L’année 1957 marque un tournant dans l’œuvre de Ionesco : quittant les chambres où il étouffe dans l’inextricable réseau des hargnes conjugales, le héros ionescien sort de chez lui et affronte la société des hommes. Ainsi naît le personnage de Bérenger, naïf, peureux, vulnérable, mais incapable, fût-ce dans le désespoir, de se plier à l’ordre habituel du monde où il vit, et par là même mettant en lumière le scandale de certaines idées établies. Il apparaît pour la première fois dans Tueur sans gages (1959) au sein d’une cité radieuse qui l’émerveille tout d’abord. Or, le mal y est installé : un tueur rôde, dont tout le monde accepte avec résignation l’invisible présence et les méfaits.

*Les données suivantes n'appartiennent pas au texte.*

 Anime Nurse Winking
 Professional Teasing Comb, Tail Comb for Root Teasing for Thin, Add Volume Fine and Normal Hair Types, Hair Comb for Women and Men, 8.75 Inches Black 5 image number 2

Bérenger, seul, n’accepte pas. Avec un entêtement comique, il prétend à lui seul le démasquer et va se trouver, à la fin de la pièce, face à face avec le Tueur : incarnation absurde, tragique et ricanante de la Mort. C’est avec Rhinocéros (créé à Düsseldorf en 1959, au théâtre de France en 1960) que Bérenger connaîtra sa plus large audience. Renonçant presque totalement à ces distorsions de langage, à ces contrepèteries explosives qui marquèrent ses débuts, le théâtre de Ionesco va se charger désormais d’un certain nombre d’intentions philosophiques et morales. Le propos de Rhinocéros est de décrire le processus de nazification d’un pays (l’auteur en avait vécu l’expérience avant la guerre en Roumanie), et plus généralement l’emprise de n’importe quel totalitarisme, qu’il soit de droite ou de gauche. À la façon de quelque peste, la « rhinocérite » atteint peu à peu tous les habitants d’une ville. Face au troupeau de ses contemporains devenus de féroces et joyeux rhinocéros, Bérenger affirme désespérément sa fidélité à l’humain, si tenté qu’il soit, d’ailleurs, par lâcheté, par peur de la solitude, de se transformer lui-même en rhinocéros.

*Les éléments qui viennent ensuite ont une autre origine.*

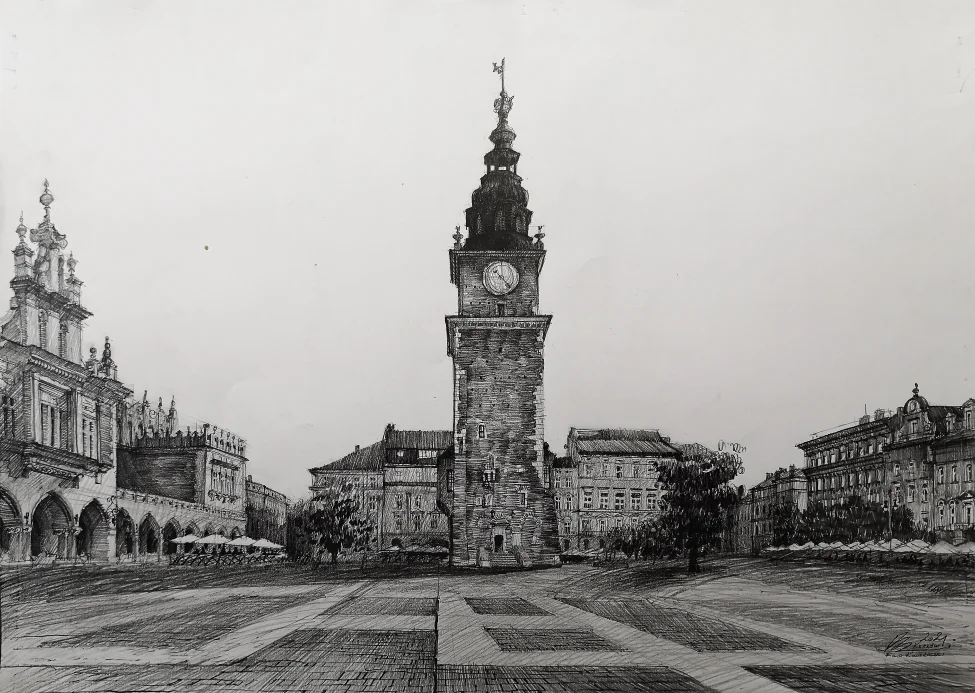 Rynek Główny Kraków Wieża Ratusza Rysunek Ołówkiem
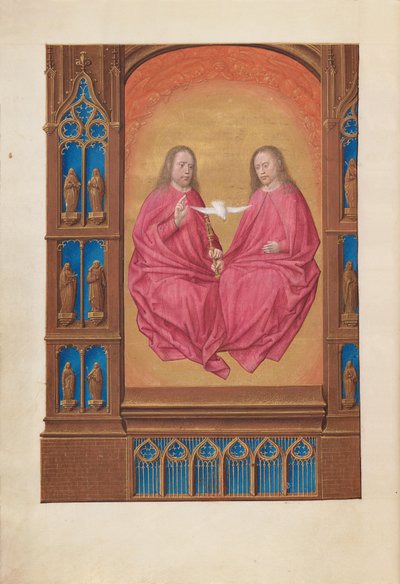Izabella katolikus királynő, Spanyolország királynőjének órái:  Fol. 17v, A Szentháromság alkotó: Master of the First Prayerbook of Maximillian
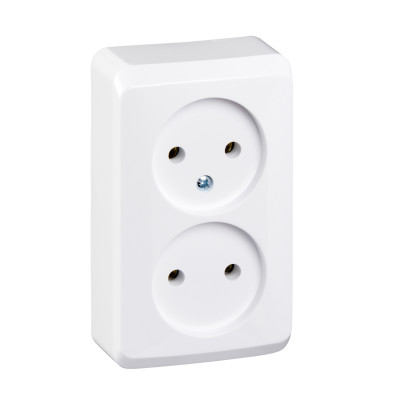 Розетка двойная без заземления и шторок Schneider Electric Prima, белый WDE001040 Розетка двойная без заземления и шторок Schneider Electric Prima, белый WDE001040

Une difficile période suit pour Ionesco le prodigieux succès de Rhinocéros. La victoire du petit homme solitaire, le chaplinesque Bérenger, portant sur ses frêles épaules le poids de l’humanité, victoire applaudie par des milliers de spectateurs dans le monde entier, crée à son auteur une sorte de responsabilité dont il ressent le poids jusqu’à l’angoisse. Peut-être est-ce pour cette raison qu’il décide d’aborder de front, et par le comique, le thème le plus profond de son théâtre, donnant alors une forme définitive à une pièce sur le vieillissement et la mort qu’il méditait depuis longtemps, et c’est Le roi se meurt (1962). Deux heures durant, Bérenger, premier et dernier roi d’un fragile royaume à son image, vivra tout simplement les étapes de son agonie. D’un bout à l’autre de la pièce, l’équilibre est admirable entre le bouffon, le dérisoire, le tragique.